PCGR prioritizes and evaluates variants according to clinical actionability. Currently, PCGR implements its tier classification framework along the proposed AMP/ASCO/CAP guidelines, as outlined in Li et al., 2017:

  • Tier I: Variants of strong clinical significance - constitutes aberrations linked to predictive, prognostic, or diagnostic biomarkers in the CIViC database and the Cancer Biomarkers Database that are
    • Found within the same tumor type/class as specified by the user, AND
    • Of strong clinical evidence (i.e. approved therapies, part of guidelines, validated or discovered in late clinical trials (CIViC evidence levels A/B))

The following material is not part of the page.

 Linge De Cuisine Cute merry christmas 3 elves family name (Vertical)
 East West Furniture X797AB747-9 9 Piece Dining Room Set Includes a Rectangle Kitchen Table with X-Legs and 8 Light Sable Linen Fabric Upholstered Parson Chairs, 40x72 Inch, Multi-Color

  • Tier II: Variants of potential clinical significance - constitutes other aberrations linked to predictive, prognostic, or diagnostic biomarkers in the CIViC database and the Cancer Biomarkers Database that are either
    • Of strong clinical evidence in other tumor types/classes than the one specified by the user, OR
    • Of weak clinical evidence (early trials, case reports etc. (CIViC evidence levels C/D/E))) in the same tumor type/class as specified by the user
  • Tier III: Variants of uncertain clinical significance (SNVs/InDels only) -
    • Other coding variants, not observed at significant allele frequencies (gnomAD MAF < 0.001), found in oncogenes or tumor suppressor genes, yet not linked to any known predictive, prognostic, or diagnostic biomarkers in the CIViC database and the Cancer Biomarkers Database

In PCGR, we skip the classification of variants into the AMP/ASCO/CAP-specified Tier IV (benign/likely benign variants), but rather take a more cautious approach. Specifically, for SNVs/indels that do not fall into tier I, II, or III, we classify them into Tier V: Other coding variants, which includes protein-coding variants in non-cancer related genes, as well as Tier VI: Other non-coding variants, which includes synonymous variants, intronic variants, and other variants in non-coding regions.